Naipaul (1971), Michael Ondaatje (1992), Salman Rushdie (1981, Booker of
Bookers Prize (1993) en The Best of the Booker (2008)) hadden het pad geëffend
voor het succes van de Indiaas Engelse literatuur in de diaspora, maar dat ging
vaak ten kostte van afwijzing in het Indiase subcontinent.
De Iraanse fatwa voor expat Salman Rushdie heeft
onvermijdelijk een rem gezet op de populariteit van de Indiaas-Engelse
literatuur op het Indiase thuisfront. En laureaat Arundhati Roy, die volledig
geworteld bleef in India, kreeg kort voor het millennium van landgenoten nog
het verwijt dat haar bekroonde debuut obsceen en moreel verwerpelijk was.

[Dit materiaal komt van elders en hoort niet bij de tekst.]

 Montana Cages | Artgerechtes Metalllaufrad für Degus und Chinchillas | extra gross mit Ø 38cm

Intussen
is de teneur omgeslagen, mede dankzij het succes van Booker-laureaten als Desai
en Adiga. Bloeiende literaire uitgeverijen en festivals kanaliseren de
leeshonger van een bruisend literair continent. De diaspora blijft een
belangrijk onderdeel van de Indiaas Engelse literatuur maar de lokale
verankering zit duidelijk in de lift.
De zes jaar oude DSC Prize for South Asian Literature is
daar een voorbeeld van. Ze wordt jaarlijks toegekend aan schrijvers van gelijk
welke nationaliteit en etniciteit die schrijven over India in een Engelstalige
of naar het Engels vertaalde roman. De deur naar de diaspora en de traditionele
literaturen van het subcontinent blijven open, maar het thuisland neemt zelf
het heft in handen om auteurs te bekronen.

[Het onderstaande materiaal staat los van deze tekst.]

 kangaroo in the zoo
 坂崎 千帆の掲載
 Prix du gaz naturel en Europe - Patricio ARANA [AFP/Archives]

De band met Groot-Brittannië en de Booker Prize blijft een
sterke factor. Zo bevat de laatste Granta-lijst van beste twintig Britse
romanschrijvers jonger dan 40, drie Zuid-Aziatische auteurs: Sunjeev Sahota,
Tahnima Aman en Kamila Shamsie. De twee laatsten en heel wat Booker finalisten
als Romsesh Gunesekara, Jeet Thayil , Amitav Ghosh, Neel Mukherjee, Mohsin
Hamid en Jhumpa Lahiri vinden we terug op de erelijsten van de DSC Prize for
South Asian Literature. Maar daarnaast is de DSC Prize for South Asian
Literature ook een bron voor nieuwe namen zoals Mirza Waheed en Anuradha Roy.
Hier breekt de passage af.